O Papa deixou nesta Quarta-Feira de Cinzas dois convites para viver o tempo de Quaresma que agora começa: “regressar à verdade de nós mesmos e regressar a Deus e aos irmãos.”
Na homilia da missa da bênção das cinzas, que celebrou esta tarde na basílica romana de Santa Sabina, o Santo Padre considerou urgente “regressar à verdade de nós mesmos”, para nos lembrarmos “quem é o Criador e quem é a criatura, para proclamar que só Deus é o Senhor, para nos despojarmos da pretensão de nos bastarmos a nós mesmos e da mania de nos colocar no centro, ser o primeiro da turma, pensar que podemos, meramente com as nossas capacidades, ser protagonistas da vida e transformar o mundo que nos rodeia”.
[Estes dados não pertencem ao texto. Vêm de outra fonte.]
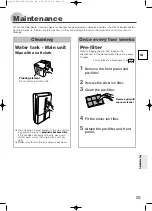 Preview for 23 page of Mitsubishi Electric MJ-E16AX-H Instruction Manual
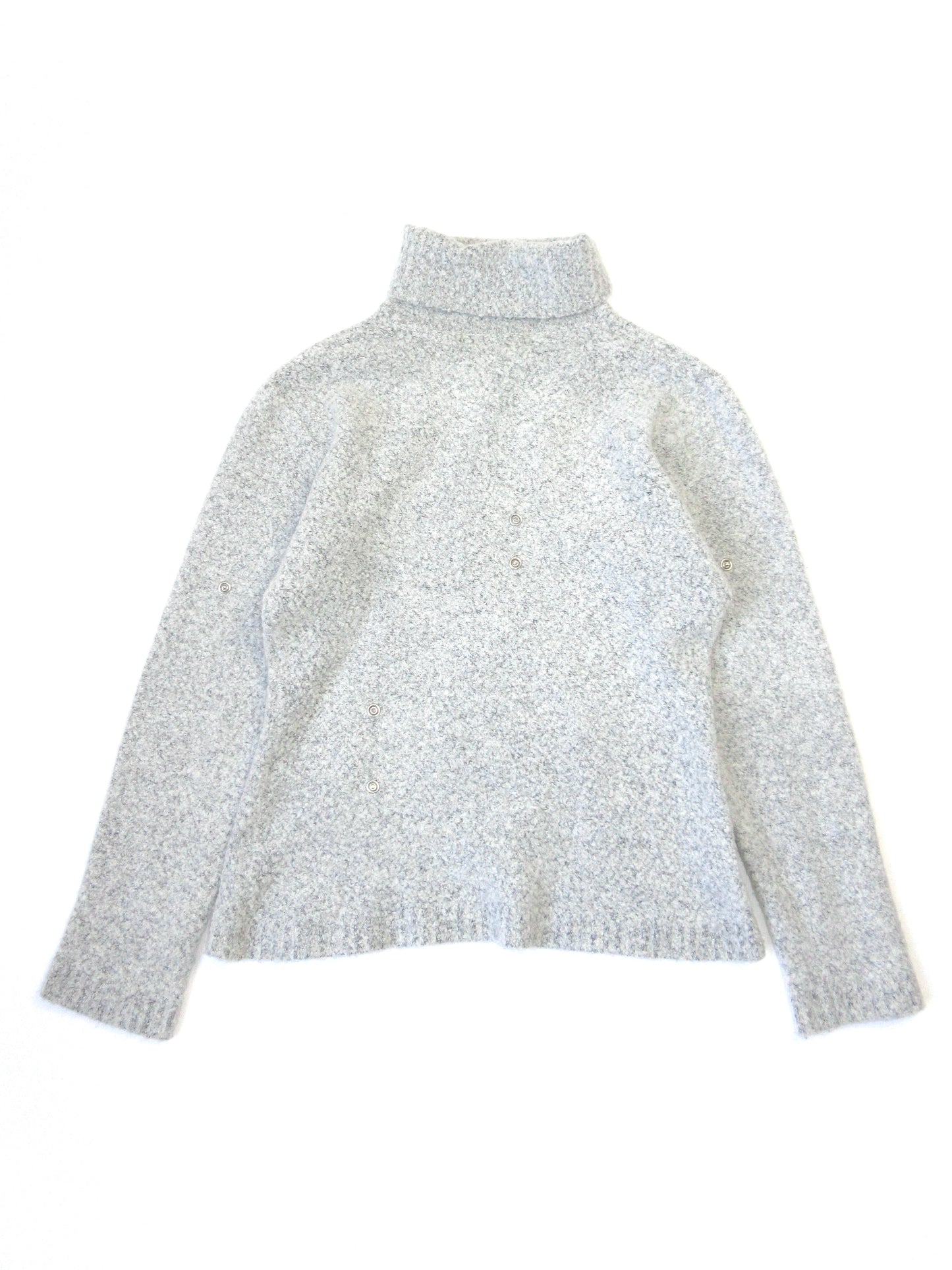 45 hailstorm boucle knit top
O tempo da Quaresma “ajuda a mudar a visão que temos de nós mesmos no nosso íntimo”, afirma Francisco.
No fundo, trata-se de reconhecer as desatenções e superficialidades que nos distraem daquilo que realmente importa. “A Quaresma é um tempo de verdade, para fazer cair as máscaras que pomos todos os dias a fim de aparecer perfeitos aos olhos do mundo”, disse o Papa.
É o tempo “para lutar contra as falsidades e a hipocrisia: não as dos outros, mas as nossas”, sublinhou Francisco.
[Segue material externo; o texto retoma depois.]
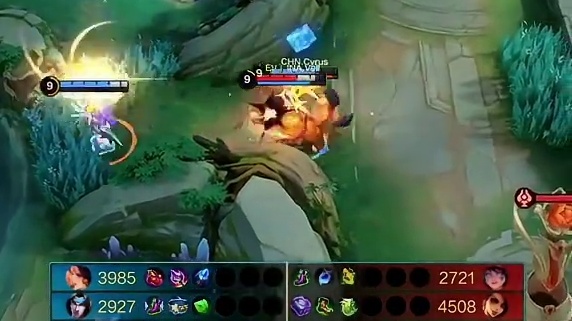 中国队杀进决赛剑指夺金！期待YBG的小伙子们继续加油守护主场荣光！ #决胜巅峰全球电竞 #决胜巅峰 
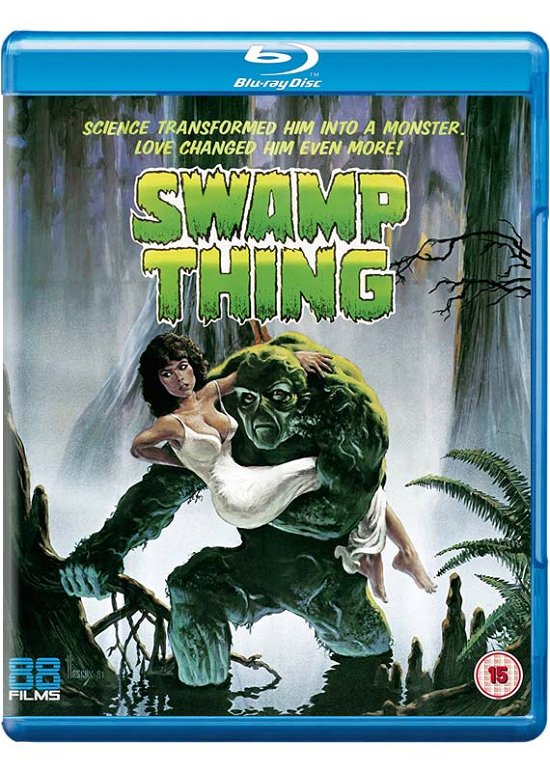 Swamp Thing DVD + - Swamp Thing Dp - Film - 88Films - 5060496452429 - 25. marts 2019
O segundo convite lançado hoje, relacionado com as cinzas, é “regressar a Deus e aos irmãos”. É que, ao tomarmos consciência de que “o nosso eu não se basta a si mesmo, então descobrimos que existimos apenas graças às relações: a relação primordial com o Senhor e as relações da vida com os outros”, explicou o Papa. Ou seja, reconhecemos que “toda a presunção de autossuficiência é falsa e que idolatrar o eu é uma opção destrutiva, fecha-nos na jaula da solidão”.
Francisco recorda que o tempo da Quaresma ajuda a “abrir-nos no silêncio à oração e sairmos da fortaleza que é o nosso eu fechado, quebrar as cadeias do individualismo e voltar a descobrir, através do encontro e da escuta, a pessoa que caminha diariamente ao nosso lado e aprender novamente a amá-la como irmão ou irmã”.
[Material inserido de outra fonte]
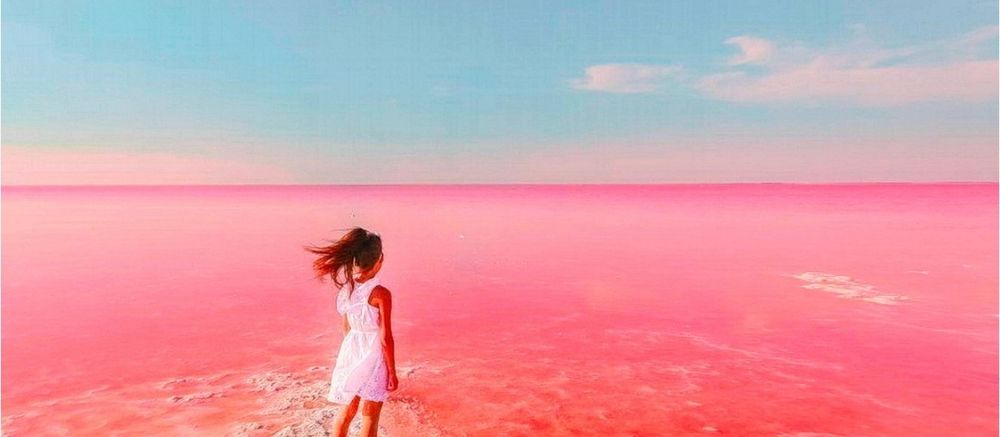 Розовое озеро Кубейтуз на один день.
O caminho para o conseguir implica percorrer três grandes sendas: a esmola, a oração e o jejum, que não podem reduzir-se a ritos exteriores, mas comportamentos que devem expressar uma renovação do coração. “A esmola não é um gesto, cumprido rapidamente, para deixar a consciência limpa, mas para tocar, com as próprias mãos e as próprias lágrimas, os sofrimentos dos pobres; a oração não é mero ritual, mas é diálogo de verdade e amor com o Pai; o jejum não é um simples sacrifício, mas uma atitude forte para lembrar ao nosso coração aquilo que conta.” E acrescenta: “o jejum será o ginásio espiritual onde treinamos para renunciar com alegria ao que é supérfluo e nos sobrecarrega, a fim de nos tornarmos interiormente mais livres e voltarmos à verdade de nós mesmos”.
O Papa pede para não desperdiçarmos o tempo da Quaresma, porque estes quarenta dias até à Páscoa, “são dias favoráveis para nos reencontrarmos, para contornar a ditadura das agendas sempre cheias, de coisas para fazer, das pretensões de um eu pessoal cada vez mais superficial e embaraçoso, e escolher aquilo que conta”.